- **Dataset entries**
*** Begin section ***

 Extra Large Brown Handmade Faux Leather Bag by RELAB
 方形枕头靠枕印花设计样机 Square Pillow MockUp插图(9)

*** End section ***
*** Begin section ***

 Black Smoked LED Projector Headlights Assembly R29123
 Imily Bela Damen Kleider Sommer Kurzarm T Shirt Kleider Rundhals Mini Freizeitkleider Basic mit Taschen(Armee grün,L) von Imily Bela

*** End section ***
*** Begin section ***

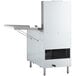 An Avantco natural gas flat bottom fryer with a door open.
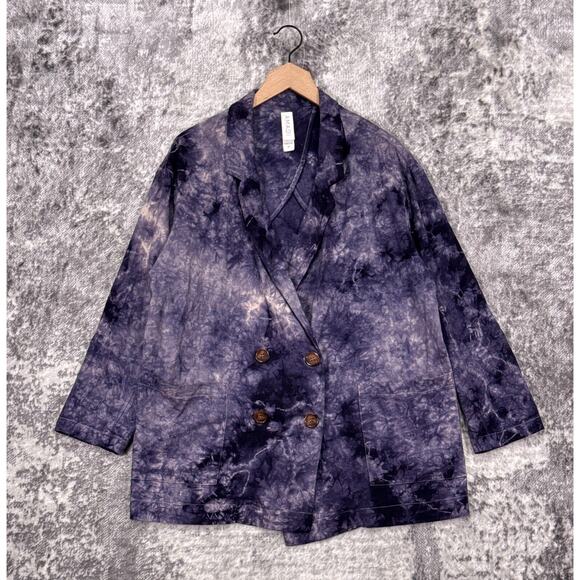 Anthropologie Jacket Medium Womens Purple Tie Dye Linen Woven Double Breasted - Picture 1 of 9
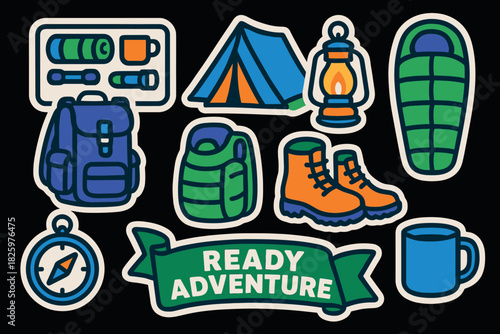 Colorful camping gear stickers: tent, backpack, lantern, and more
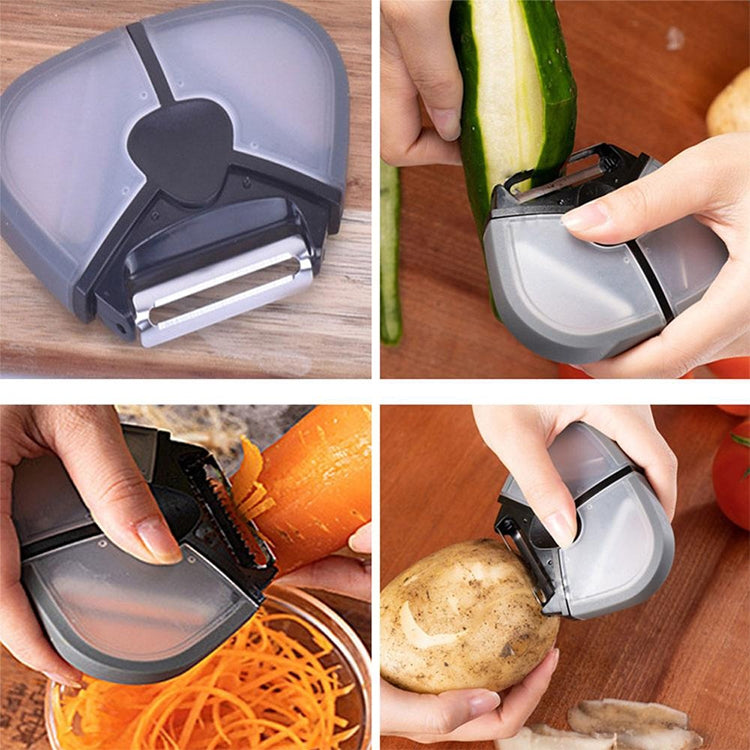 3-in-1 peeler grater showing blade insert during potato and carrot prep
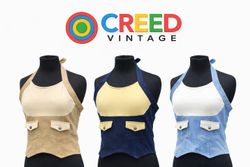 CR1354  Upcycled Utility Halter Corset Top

*** End section ***

- **Task prompt**
Exactly reproduce the lines above, starting at the one that contains "Anthropologie Jacket Medium" and ending at the one that contains "Halter Corset Top", both inclusive; leave the pictures out and add no other lines.

- **Answer**
 Anthropologie Jacket Medium Womens Purple Tie Dye Linen Woven Double Breasted - Picture 1 of 9
 Colorful camping gear stickers: tent, backpack, lantern, and more
 3-in-1 peeler grater showing blade insert during potato and carrot prep
 CR1354  Upcycled Utility Halter Corset Top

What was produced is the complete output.